START Data to examine

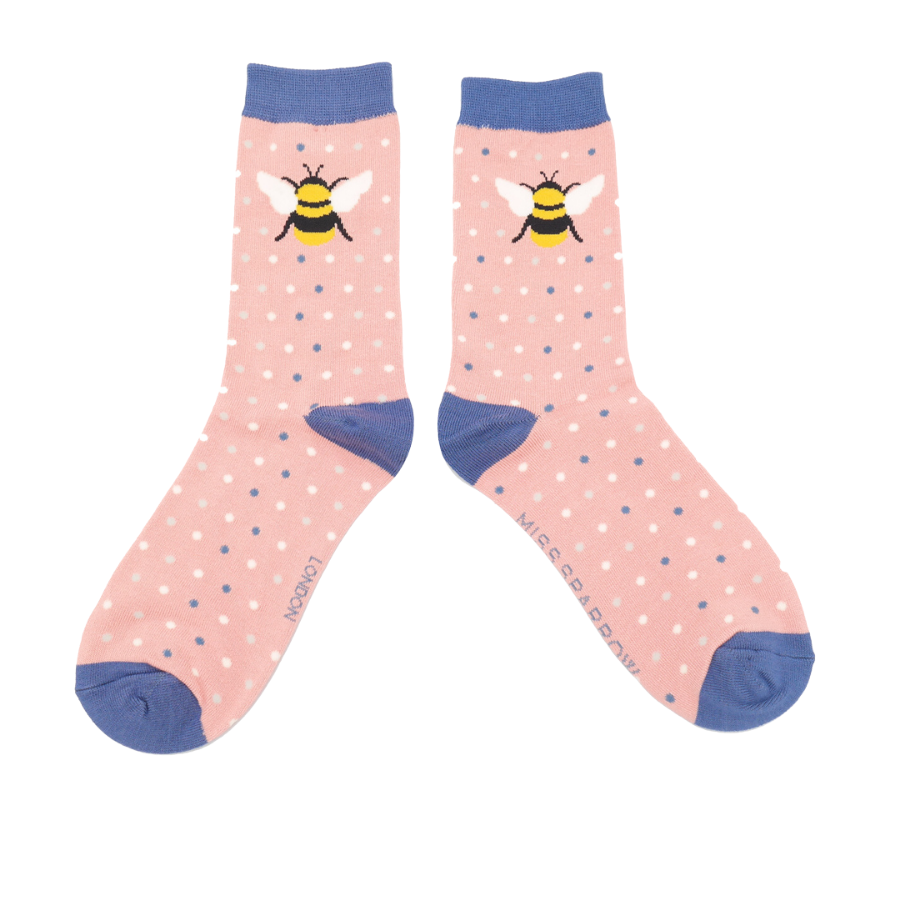 Miss Sparrow Ladies Bamboo Socks Bumble Bee & Dots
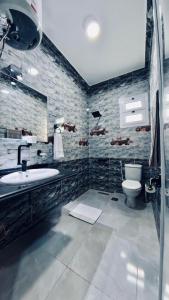 a bathroom with a sink and a toilet at Al Mansi Luxury Retreat in Luxor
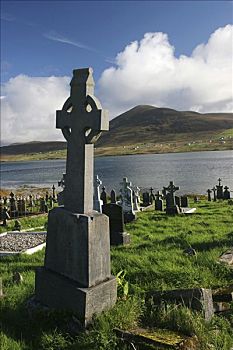 墓地,老,阿基尔岛,梅奥,爱尔兰,欧洲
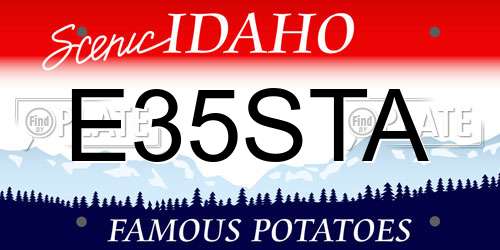 E35STA Idaho License Plate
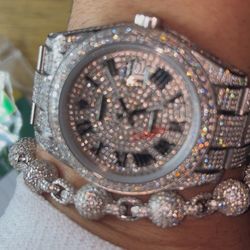 Custom Moissanite Diamond Bust Down Watch With Rotating Display Case.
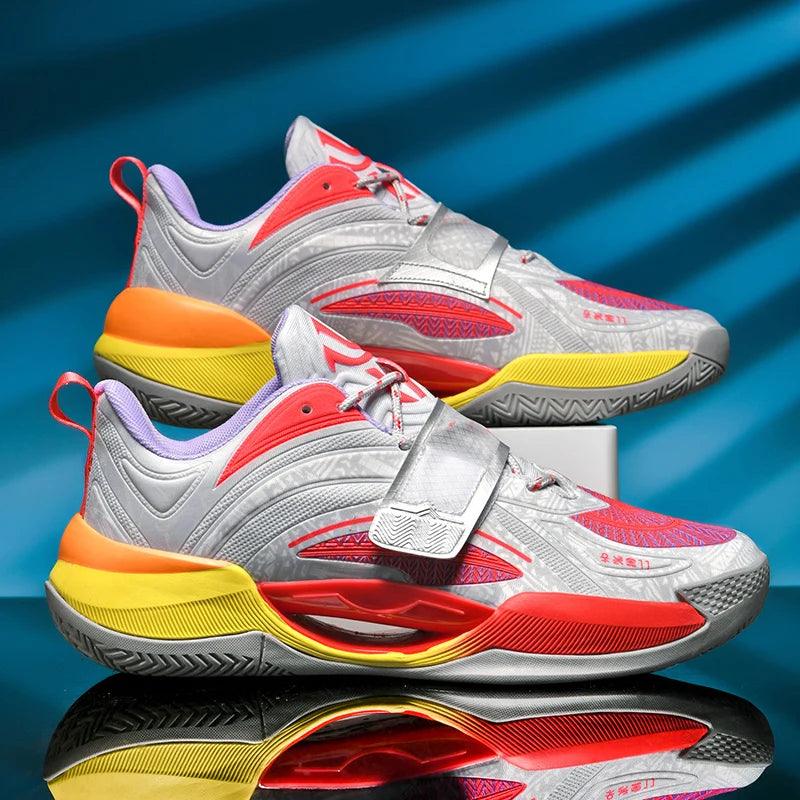 Tênis De Basquete Vortex| Respirável e Antiderrapante-Prata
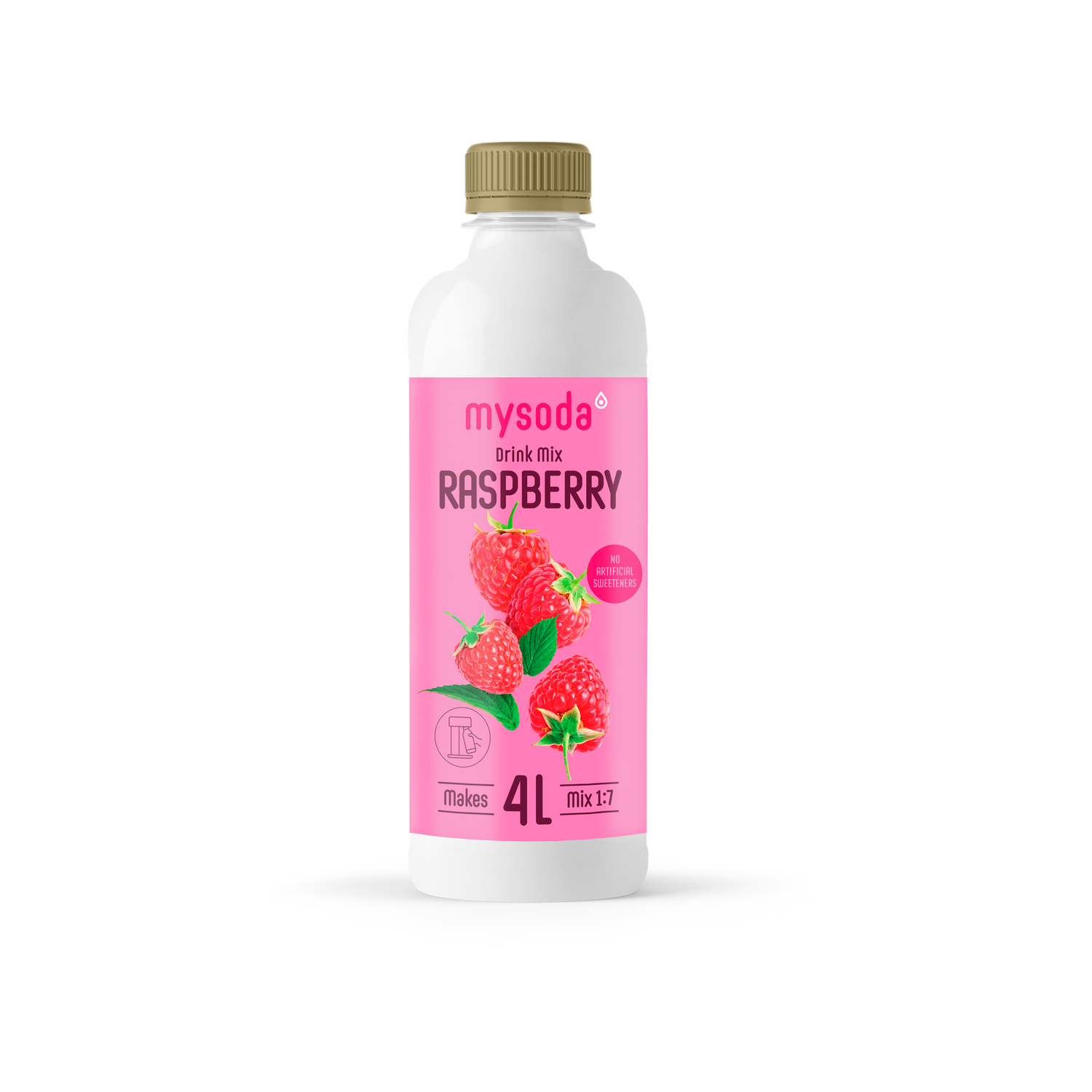 A bottle of raspberry drink mix for sparkling water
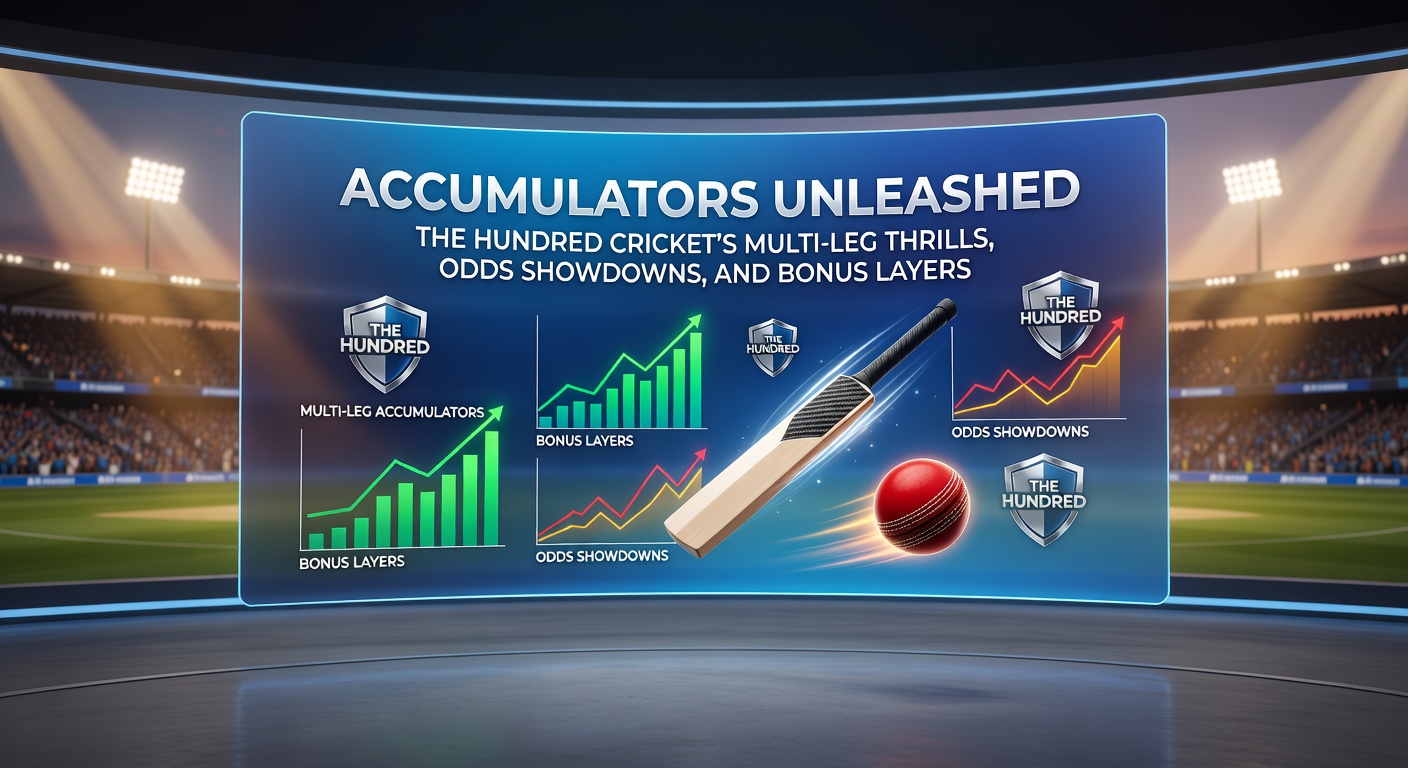 Close-up of betting slip showing multi-leg accumulator on The Hundred matches with odds breakdowns and bonus icons overlaid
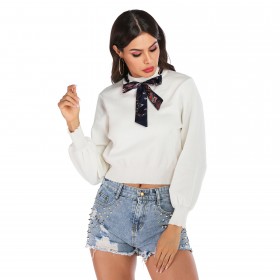 New autumn and winter pullover sweater was thin bow tie wild knit long-sleeved women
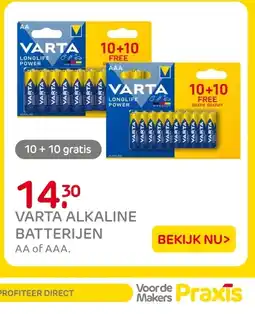 Praxis Varta alkaline batterijen aanbieding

END Data to examine

Exactly as written, restate the lines from the one that contains "Tênis De Basquete" through the final line of the data, both ends included, but leave out the pictures.

 Tênis De Basquete Vortex| Respirável e Antiderrapante-Prata
 A bottle of raspberry drink mix for sparkling water
 Close-up of betting slip showing multi-leg accumulator on The Hundred matches with odds breakdowns and bonus icons overlaid
 New autumn and winter pullover sweater was thin bow tie wild knit long-sleeved women
 Praxis Varta alkaline batterijen aanbieding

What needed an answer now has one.